Problem Solving

Incident Response Framework

Use when something is broken and you need to diagnose it systematically without jumping to conclusions.

Quick reference:

1. Confirm    — Verify the issue is real, current, and user-impacting.
2. Scope      — Determine blast radius: who, what, where, since when.
3. Correlate  — Identify recent changes that could explain the issue.
4. Stabilize  — Pause risky changes and stop the incident from expanding.
5. Locate     — Narrow the fault domain using golden signals and dependency tracing.
6. Mitigate   — Take the fastest safe action to reduce user impact.
7. Root Cause — Identify both the trigger and the missing safeguard.
8. Recover    — Confirm the system is truly healthy, not just quieter.
9. Prevent    — Add fixes, guardrails, and learnings to avoid recurrence.

When to use: Incidents, production bugs, mysterious failures, on-call escalations.

Interview tip: Narrate each step out loud. Interviewers want to see your reasoning process, not just the answer.

Step 1 — Confirm

Goal: Ensure the issue is real, current, and user-impacting.

Validate via dashboards (latency, errors, traffic, saturation), alerts, synthetic checks, or user reports
Determine if the issue is ongoing, intermittent, or already self-resolved
Separate signal from noise — filter out false positives before escalating

Key questions:

Is this still happening right now?
What exactly is degraded: latency, errors, availability, or correctness?
Is this real user impact or a noisy signal?

This is a quick golden signal check to confirm the issue exists. Step 5 uses the same signals analytically to locate the fault domain.

Step 2 — Scope

Goal: Understand blast radius and urgency.

Identify who is affected: one user, one tenant, one region, one AZ, all customers
Establish a timeline of when it started
Compare healthy vs unhealthy slices to find the boundary

Scope dimensions:

Region / AZ
Service / endpoint
Version / deploy group
Customer segment
Dependency path

Key questions:

Is this global or isolated?
Who is impacted and how severely?
When did this begin?

Step 3 — Correlate

Goal: Identify recent changes that could explain the issue.

Check recent deploys (app, infra, config)
Check feature flag changes, traffic pattern shifts, dependency updates
Check certificate rotations, DNS updates, quota changes
Build a timeline: incident start vs change events — look for overlap

Key questions:

What changed around the time this started?
Did this begin right after a deploy or config update?
Is the change localized to the affected scope (e.g., only one region)?

Changes often tell you why before you even start locating where.

Step 4 — Stabilize

Goal: Prevent further impact while investigation continues.

Pause or roll back recent deploys
Freeze config and feature flag changes
Isolate affected region or service if needed
Page relevant owners and protect system capacity

Key questions:

Do I need to stop an ongoing rollout?
Is the incident still expanding?
Can I reduce risk while investigating?

This step shows interview maturity: in real incidents you do not always wait until root cause before taking action.

Step 5 — Locate

Goal: Narrow the fault domain using signals and system behavior.

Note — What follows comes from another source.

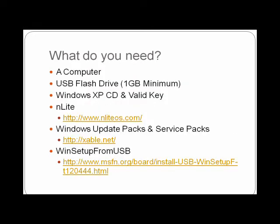Lastly, what do you need? Well, obviously a computer, a USB flash drive of at least 1GB minimum, Windows XP CD, doesn't matter what service pack, what version, with a valid key. Then you'll have to download a program called nLite, this is the program that allows you to do all the slipstreaming and make any tweaks and create the unattended install.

Step 1 — Check golden signals:

Latency, Errors, Traffic, Saturation

Step 2 — Interpret signals:

High latency + low CPU  → dependency or network issue
High CPU                → compute bottleneck
High error rate         → failing service or downstream
Traffic drop            → upstream routing or client-side issue

Step 3 — Isolate by layer (let signals guide you, not the other way around):

Edge          — DNS, CDN, GSLB
Entry         — LB, ingress, API gateway
Platform      — nodes, kube-proxy, service mesh, networking
Service       — pods, app instances, queues
Dependency    — DB, cache, downstream API
Control plane — deploys, feature flags, certs, config changes

Step 4 — Use observability:

Metrics → detect the anomaly
Logs → find errors and timeouts
Traces → identify the slow span

Key questions:

Where is the time being spent?
Where do healthy and unhealthy paths diverge?
Is this infra, application, or dependency?

Signals tell you where; the Correlate step tells you why.

Step 6 — Mitigate

Goal: Reduce user impact with the fastest safe action.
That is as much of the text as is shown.